A merge of Cargo's master-branch and your changes is immediately queued to be tested after the pull request is made. In case unforeseen problems are discovered during this step (e.g., a failure on a platform you originally did not develop on), you may ask for guidance. Push additional commits to your branch to tackle these problems.

The reviewer might point out changes deemed necessary. Please add them as extra commits; this ensures that the reviewer can see what has changed since the code was previously reviewed. Large or tricky changes may require several passes of review and changes.

Once the reviewer approves your pull request, a friendly bot picks it up and merges it into Cargo's master branch.

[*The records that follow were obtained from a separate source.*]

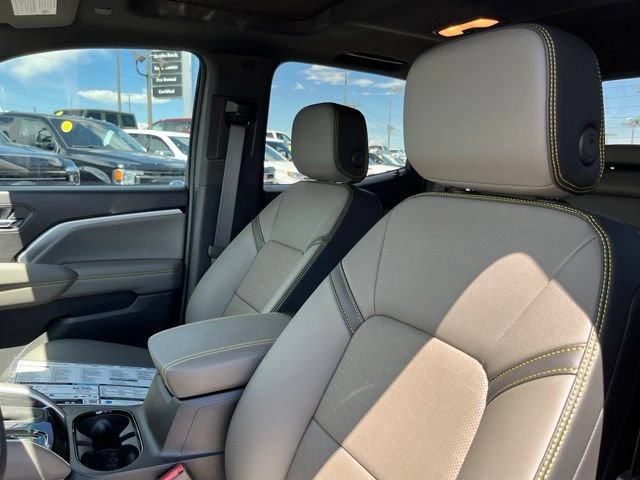 2026 Chevrolet Colorado ZR2 - Photo 14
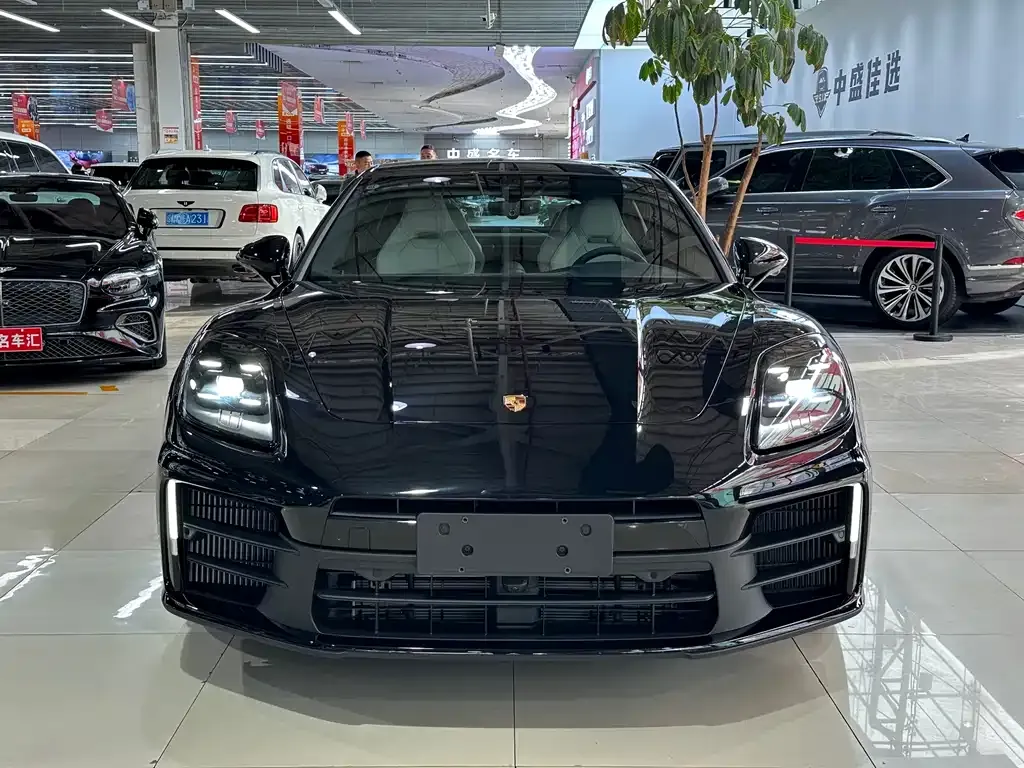 Porsche Panamera 2026 из CN, фото 3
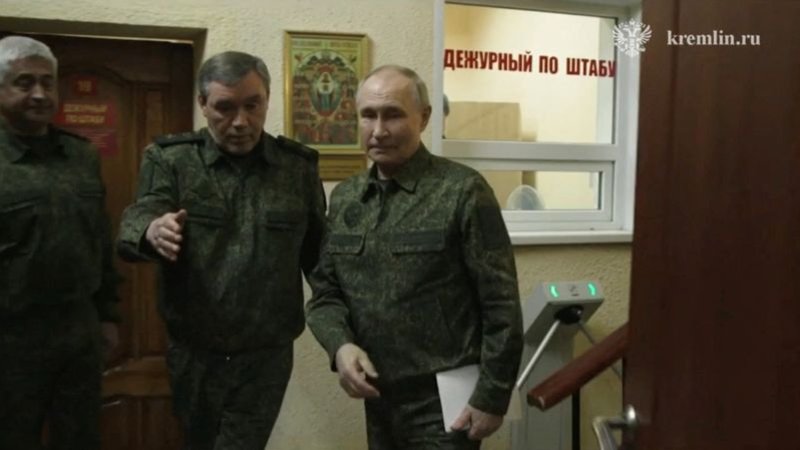 Putin, con uniforme militar, ordena una derrota rápida de las fuerzas ucranianas en Kursk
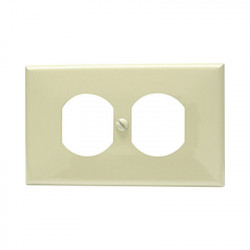 SURTEK SYS-136600 Placa de plastico para contacto duplex color marfil.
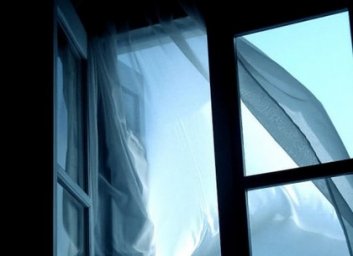 На Алексеевке парень выпал из окна &ndash; ГУНП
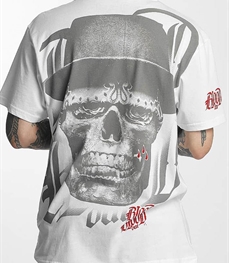 市场上装-T恤-时尚男装t恤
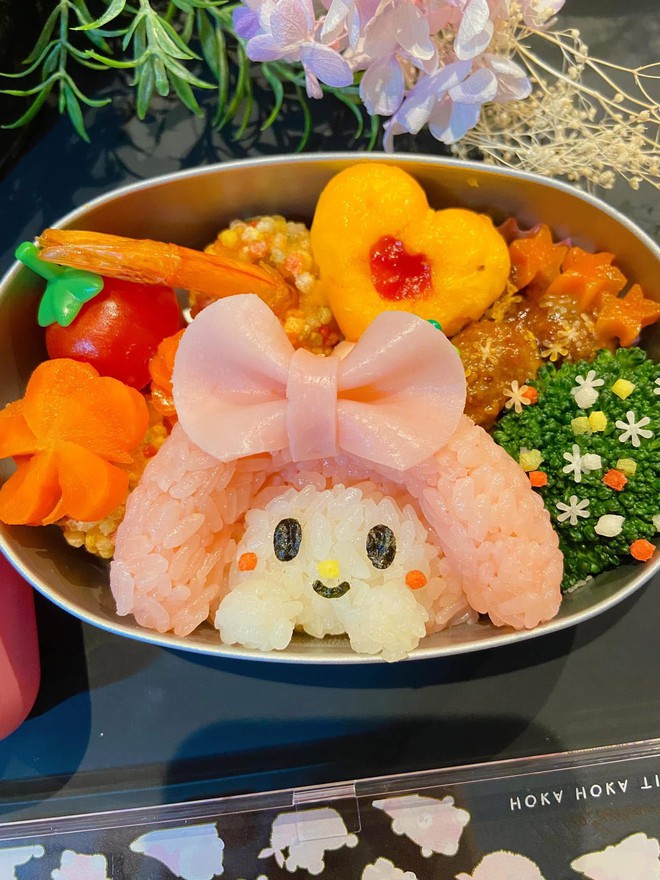 Lạc vào xứ sở hoạt hình qua những hộp cơm bento mẹ Việt ở Nhật làm cho con gái- Ảnh 12.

Contributing to the documentation

To contribute to the documentation, all you need to do is change the markdown files in the src/doc directory. To view the rendered version of changes you have made locally, make sure you have mdbook installed and run:

cd src/doc
mdbook build
open book/index.html

To install mdbook run cargo install mdbook.

Issue Triage

Sometimes an issue will stay open, even though the bug has been fixed. And sometimes, the original bug may go stale because something has changed in the meantime.

It can be helpful to go through older bug reports and make sure that they are still valid. Load up an older issue, double check that it's still true, and leave a comment letting us know if it is or is not. The least recently updated sort is good for finding issues like this.

Contributors with sufficient permissions on the Rust-repository can help by adding labels to triage issues:

  • Yellow, A-prefixed labels state which area of the project an issue relates to.

  • Magenta, B-prefixed labels identify bugs which are blockers.

  • Light purple, C-prefixed labels represent the category of an issue. In particular, C-feature-request marks proposals for new features. If an issue is C-feature-request, but is not Feature accepted or I-nominated, then it was not thoroughly discussed, and might need some additional design or perhaps should be implemented as an external subcommand first. Ping @rust-lang/cargo if you want to send a PR for such issue.

  • Dark purple, Command-prefixed labels mean the issue has to do with a specific cargo command.

  • Green, E-prefixed labels explain the level of experience or effort necessary to fix the issue. E-mentor issues also have some instructions on how to get started.

  • Red, I-prefixed labels indicate the importance of the issue. The I-nominated label indicates that an issue has been nominated for prioritizing at the next triage meeting.

  • Purple gray, O-prefixed labels are the operating system or platform that this issue is specific to.

  • Orange, P-prefixed labels indicate a bug's priority. These labels are only assigned during triage meetings and replace the I-nominated label.

  • The light orange relnotes label marks issues that should be documented in the release notes of the next release.